The problem >>
Copy each entry below unchanged; the images do not go in the copy.
════════════════
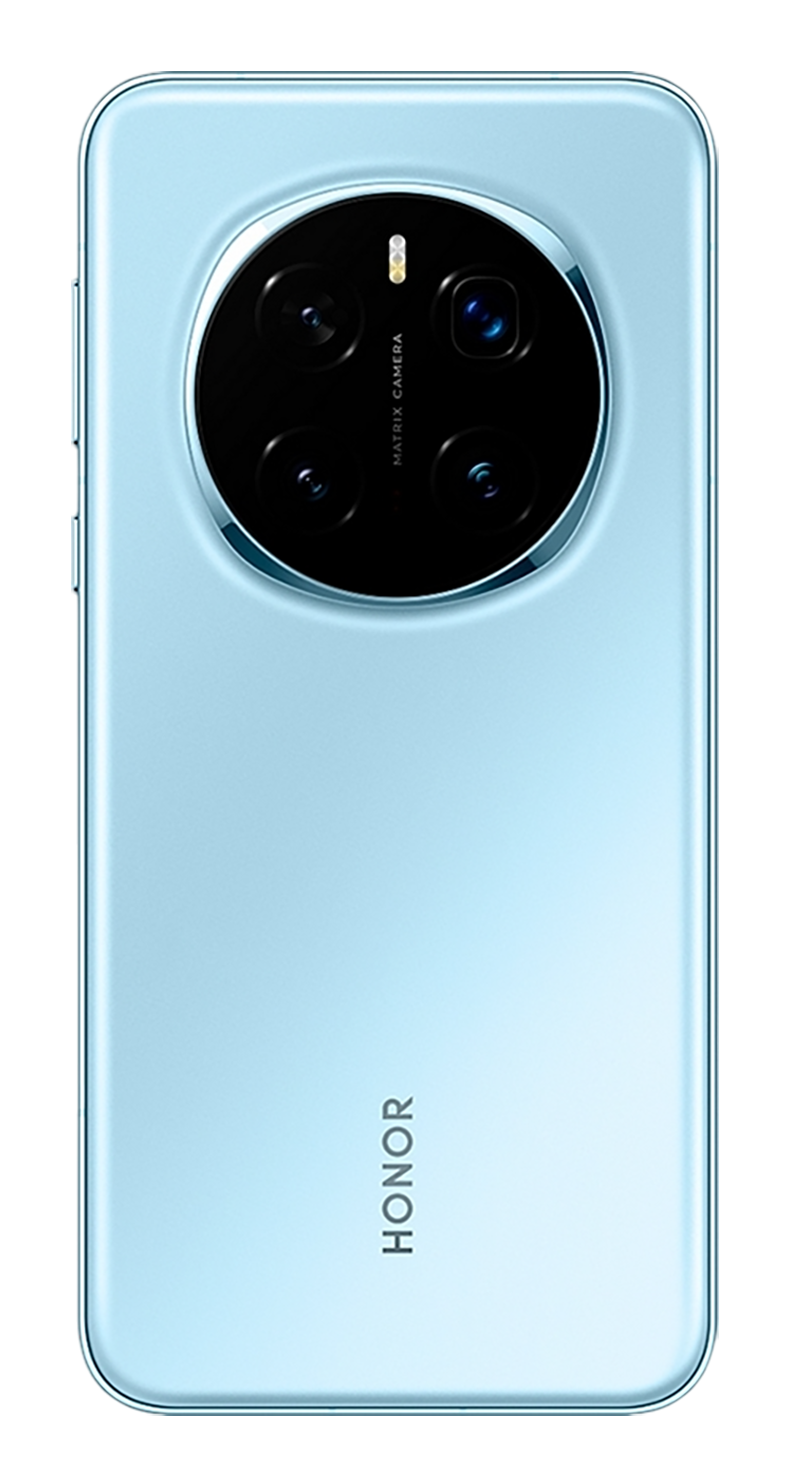 Honor Magic 7 Pro 5G — фото 3
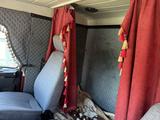 Scania  3-Series 1993 года за 13 000 000 тг. в Талдыкорган – фото 4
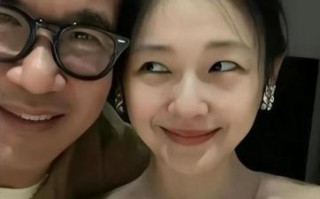 大S因病离世引发关注，具俊晔自曝婚姻真相揭秘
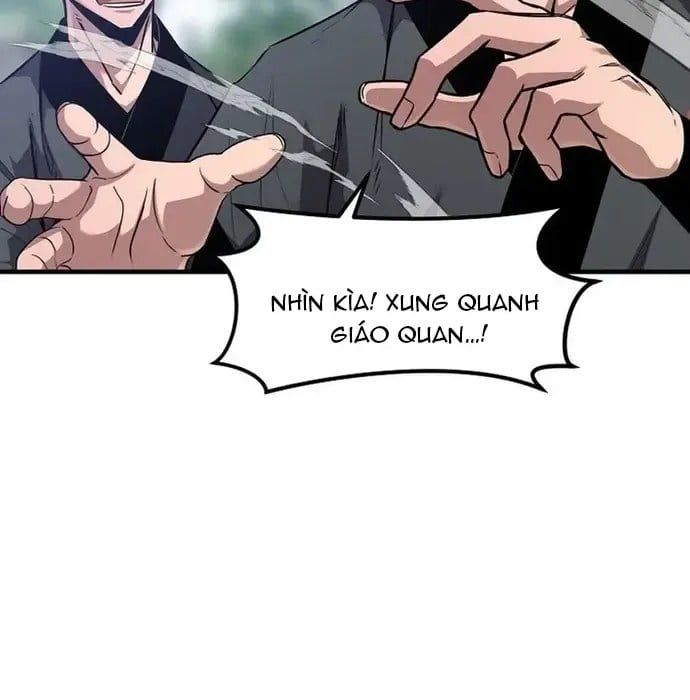 đọc truyện Thiên Hạ Đệ Nhất Võ Sư Chương 41 ảnh 22 tại Thiên Thai Truyện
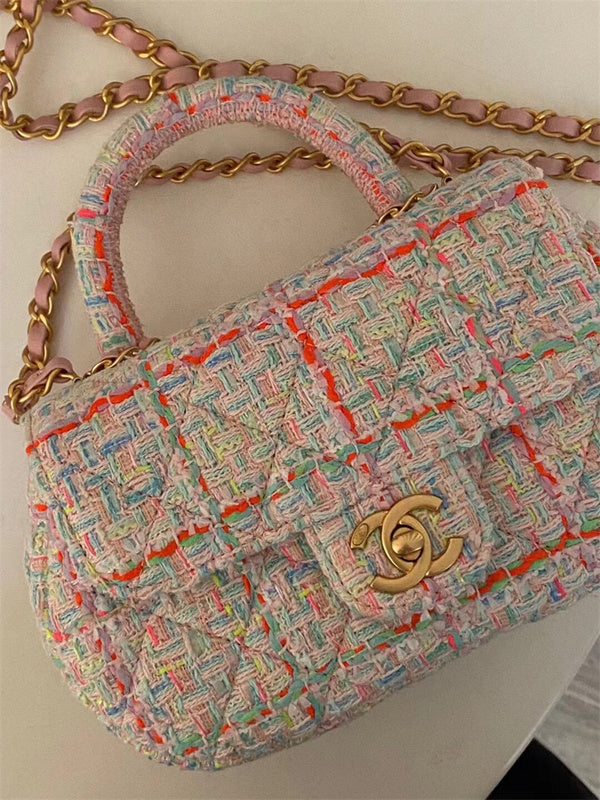 Glami- - CHL Bags - 078
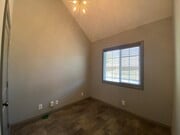 Photo - 1714 N Lincoln St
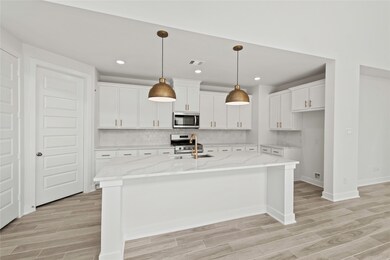 16206 Tifton Meadow Trail, Hockley, TX 77447 - photo 6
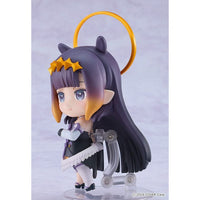 Hololive Production Nendoroid Action Figure Ninomae Ina'nis 10 cm - The Happy Toy Store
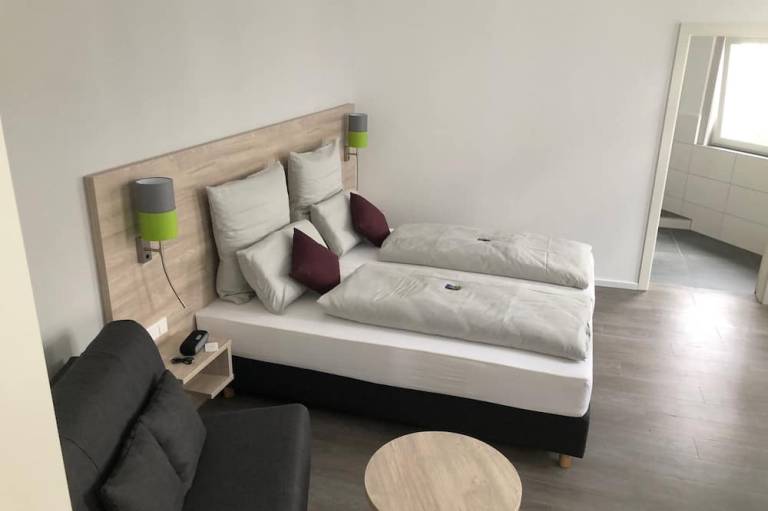 foto10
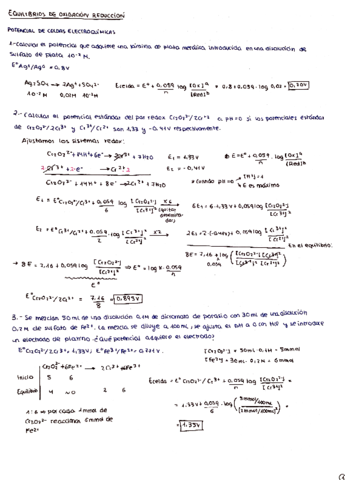 Equilibrios-redox.pdf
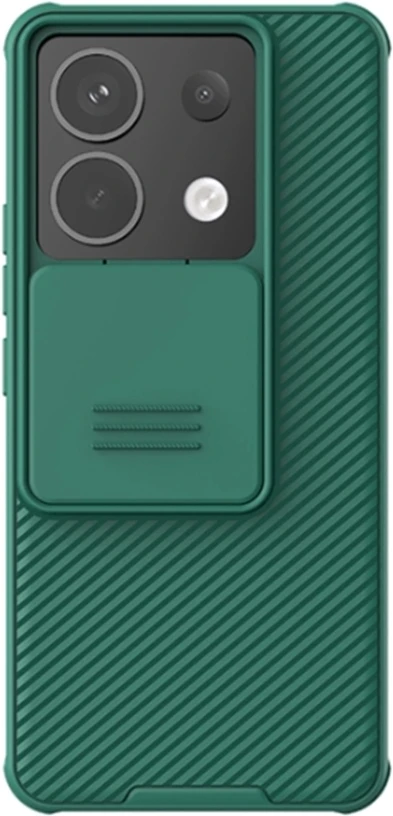 Nillkin HU6902048271944 nagyítás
════════════════
Answer space >>
 Honor Magic 7 Pro 5G — фото 3
 Scania  3-Series 1993 года за 13 000 000 тг. в Талдыкорган – фото 4
 大S因病离世引发关注，具俊晔自曝婚姻真相揭秘
 đọc truyện Thiên Hạ Đệ Nhất Võ Sư Chương 41 ảnh 22 tại Thiên Thai Truyện
 Glami- - CHL Bags - 078
 Photo - 1714 N Lincoln St
 16206 Tifton Meadow Trail, Hockley, TX 77447 - photo 6
 Hololive Production Nendoroid Action Figure Ninomae Ina'nis 10 cm - The Happy Toy Store
 foto10
 Equilibrios-redox.pdf
 Nillkin HU6902048271944 nagyítás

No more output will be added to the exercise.